Frequently Asked Questions
What are score tags in Pony Diffusion?
Score tags are Pony Diffusion’s built-in quality control system. Tags like score_9, score_8_up, and score_7_up tell the model what quality tier you want. The standard opening cluster is score_9, score_8_up, score_7_up, score_6_up, which biases the model toward its highest-rated training examples and is the single most important prompt habit for Pony.
What CLIP skip should I use with Pony Diffusion?
Pony Diffusion V6 XL works best at CLIP skip 2. This is different from many SDXL models that prefer CLIP skip 1. Setting CLIP skip to 2 matches how the model was trained on tag data and gives noticeably cleaner anatomy and prompt obedience. Most UIs let you set this in the settings panel.
Which sampler is best for Pony Diffusion?
Euler a and DPM++ 2M Karras are the two reliable samplers for Pony. Euler a is fast and forgiving for everyday work, while DPM++ 2M Karras gives slightly sharper detail at the cost of a few extra seconds. Both work well in the 25 to 40 step range, with 30 steps being a solid default.
How do rating tags work in Pony Diffusion?
Pony uses explicit rating tags to control content level: rating_safe, rating_questionable, and rating_explicit. For NSFW output you place rating_explicit early in the prompt. Omitting a rating tag leaves the result unpredictable, so always include one. This system gives precise, reliable control over how explicit the output is.
Does Pony Diffusion understand natural language prompts?

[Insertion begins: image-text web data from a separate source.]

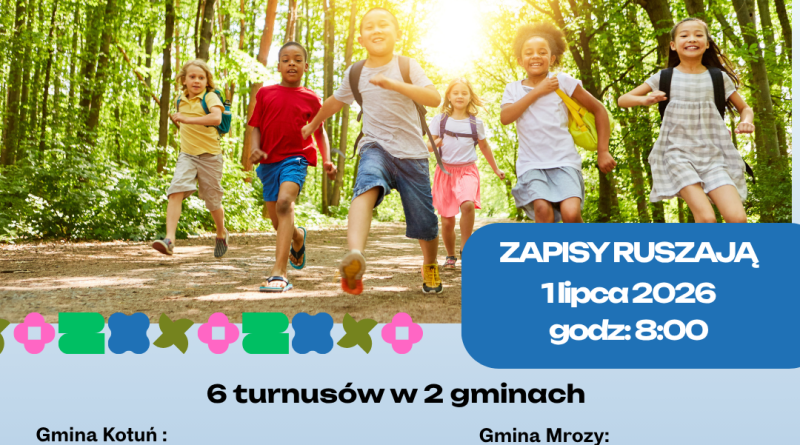 „Nie ma nudy! – sportowo-kreatywne wakacje z Mazowszem”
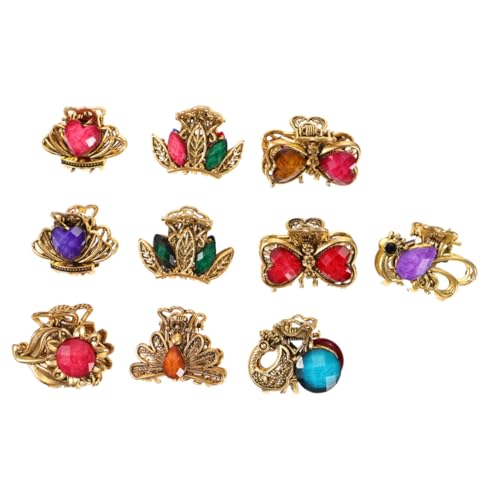 Beaupretty 10 Stück Teiliges Kleine Haarklammern Acryl mit Strass Vintage Mini Haarklammern für Damen Modische Haarklammer Clips für Dünnes und Dickes Haar Vielseitig für Alltag und Reisen von Beaupretty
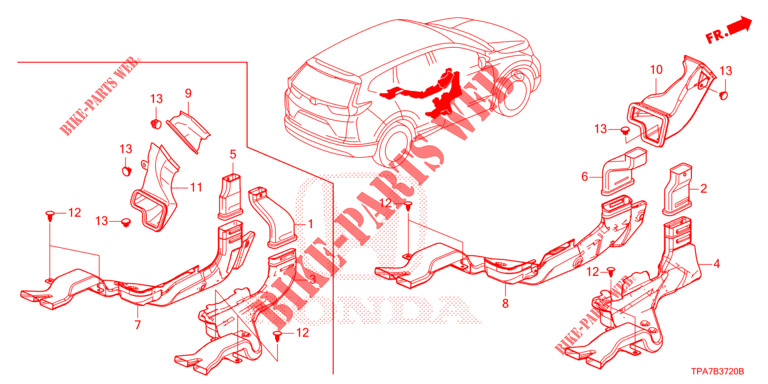 DUCT  for Honda CR-V HYBRID 2.0 BASE 5 Doors Electronic CVT 2020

Not really. Pony Diffusion is trained on booru-style tags, so it responds far better to comma-separated tags than to full sentences. Write 1girl, long hair, standing, detailed background rather than a girl with long hair standing in a detailed room. Tag-based prompting is essential for good Pony results.

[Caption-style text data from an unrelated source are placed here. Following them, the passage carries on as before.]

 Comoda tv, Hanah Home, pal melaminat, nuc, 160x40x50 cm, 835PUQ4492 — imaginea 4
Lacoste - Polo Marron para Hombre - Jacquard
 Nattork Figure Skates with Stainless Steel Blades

What resolution should I generate at with Pony Diffusion?
Pony Diffusion V6 XL is an SDXL model, so generate at 1024×1024 or other SDXL-native resolutions like 832×1216 for portraits and 1216×832 for landscapes. Generating below 1024px produces soft, low-detail output. For larger final images, use Hires Fix to upscale from a 1024px base.
Why do my Pony Diffusion images look washed out?
Washed-out Pony output usually means CLIP skip is wrong, CFG is too high, or the score tags are missing. Set CLIP skip to 2, keep CFG between 5 and 7, and always open with the score_9 cluster. If anatomy is still off, add source_anime or source_pony and a strong negative prompt to anchor the style.
Can I use LoRAs with Pony Diffusion?
Yes, but use LoRAs trained specifically for Pony Diffusion V6 XL. LoRAs trained on other SDXL bases or on SD 1.5 will not work correctly and often produce artifacts. Civitai lets you filter LoRAs by base model, so select Pony as the filter. Apply Pony LoRAs at 0.6 to 0.9 strength for best results.